月経の時期が近づいてくると、体調や気分がすぐれなくなるのは良く起こることですが、その症状が強いときには、「月経前症候群」といわれます。この症状はなんと150以上あるとされていて、代表的な症状としては

  • 下腹部膨満感
  • 下腹部痛
  • 頭痛
  • 乳房痛
  • 関節痛
  • むくみ
  • 動悸
  • などです。
  • そして精神症状としては
  • イライラ感
  • ゆううつ
  • 不安感
  • 無気力
  • 情緒不安定
  • 判断力低下
  • 疲労感
  • 不眠

などです。

 

パニック障害の女性患者には、月経前症候群に悩んでいる方が多い傾向にあります。ただし、症状がパニック障害と似ているので、併発していることに気がついていないことが多くあるようです。

 

月経前症候群がある場合、パニック発作が多くなったり、、パニック障害が進行しやすくなります。

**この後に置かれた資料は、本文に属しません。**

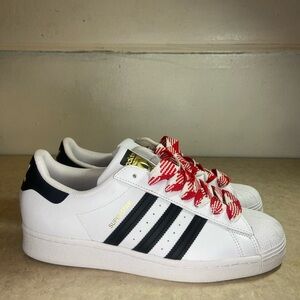 Size 10.5 - adidas Superstar OG Comes With White Shoe Strings ￼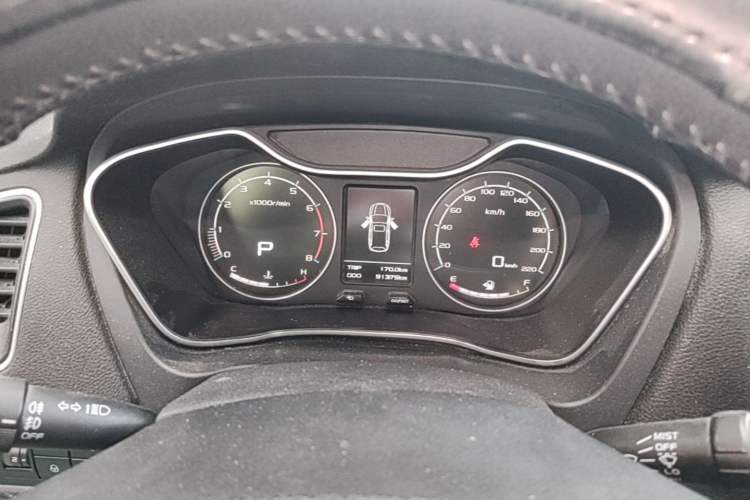 Used Geely Auto Vision X6 2016 1.3T CVT Flagship Model Instrument Cluster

そして、残遺症状が現れやすくなってしまうのです。

 

月経前症候群があるパニック障害の患者さんを調べたデータでは、月経前に8割の人に不安が増加、6割の人にはパニック発作の増加が、5割の人には広場恐怖症の増加が確認できたとされています。

 

対処

月経前にパニック発作などの症状が悪化しやすい患者さんは、まえもって担当の医師にそのことを伝えるようにしましょう。

 

ホルモン療法

女性の体の健康にはホルモンがとても深く関わっています。そして数多くのホルモン療法が現在は行われています。よくしられているのは「ホルモン補充療法」です。更年期障害の症状の改善や予防に役立ちます。

 

妊娠・出産
  • 妊娠中

女性は妊娠すると心身共に強くなり、精神疾患の悪化が少なくなるといわれています。しかし、パニック障害の場合は、必ずしも当てはまるとは限りません。妊娠初期の時には、つわりをパニック障害の症状だと思い込み、苦しむことがあります。そして妊娠中にパニック発作を併発してしまうこともあるようです。

  • 出産後

パニック障害では、妊娠中よりも産後の方に注意が必要だといわれています。
産後は、女性ホルモンのバランスが崩れているので、精神的に不安定になります。それに加えて、育児のストレスもあるので、心身が不安定になりやすい時期です。